Bundi fell off the pace about 9 kilometers into the race, and Karoki and Kotut crossed the 10-K mark together on Kelly Drive in a swift 27:45, just outside of world record pace. Karoke was managing well despite the soaking humidity.
“Actually, for the first 10-K it was good,” Karoki observed. “But, the weather was very, very humid.”
After crossing Falls Bridge to run on Dr. Martin Luther King Jr. Drive back to the city center, Karoke put in an acceleration after hitting the 15-K mark in 42:01. Kotut was unable to respond.
“That was my plan; 15 kilometers to push the pace,” he said.
Running on his toes with a short but quick stride, Karoke galloped through 10 miles in 45:02, but then began to struggle to keep up his pace.
“Actually, the legs were very heavy,” he said of the final stages of the race. “So, I couldn’t push up the pace.”
Karoke, who finished fifth at the London Olympic Games 10,000m, crossed the finish line in front of the Philadelphia Museum of Art all alone, and was immediately congratulated by his Japanese coach, Hiroshi Tako of the DeNA Running Club. He took a Kenyan flag from race organizers, then celebrated with Kotut who finished second in 59:58.
“I’m very happy,” said Kotut. “Despite the humid, I’m happy that I’ve done another 59 here.”
WORLD MASTERS RECORD FOR KASTOR IN THE WOMEN’S RACE
Olympic bronze medalist Deena Kastor, 41, didn’t come to Philadelphia to win the women’s race, but she certainly gave that impression in the early kilometers. Running behind Aberu Kebede of Ethiopia and Caroline Rotich of Kenya, Kastor was fewer than 30 seconds behind.
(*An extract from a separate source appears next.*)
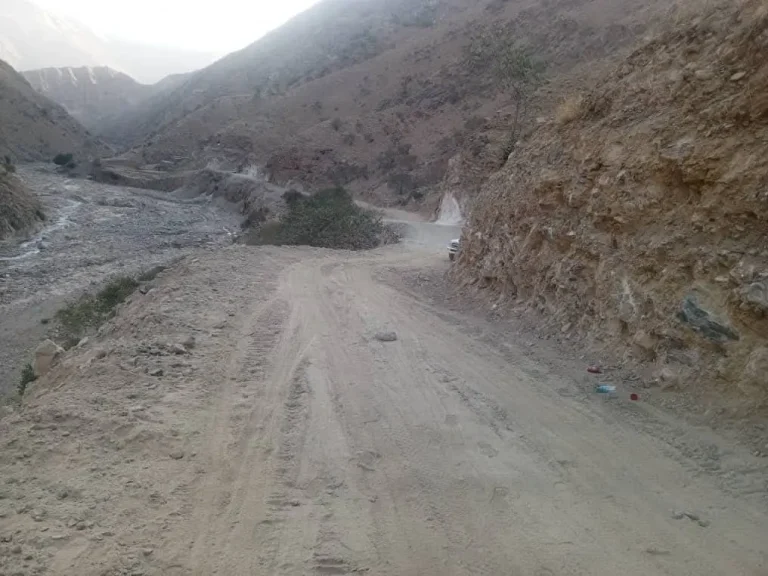 آغاز پروژه عریض‌سازی و هموارکاری ۷.۲ کیلومتر سرک در ارغنجخواه بدخشان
It wasn’t until about 10 kilometers that she was forced to back off, and got her pace more in line with the world masters record of 1:09:56 set by Russia’s Irina Permitina in 2008.
“You know, I got a side stitch at about six miles, and so slowed down a little bit to try to breathe it out,” Kastor told Race Results Weekly. She continued: “But, I think I needed that little discomfort to make me hunker down just a little bit. It wasn’t as comfortable as I thought.”
While Kebede would leave Rotich about 11 kilometers into the race, and run to victory in a very solid, 1:08:39, Kastor worked through the pain and tried to stay on world record pace.
“I felt ready today,” she said. “I didn’t think I’d cut it this close; I thought I’d have a little more in me.”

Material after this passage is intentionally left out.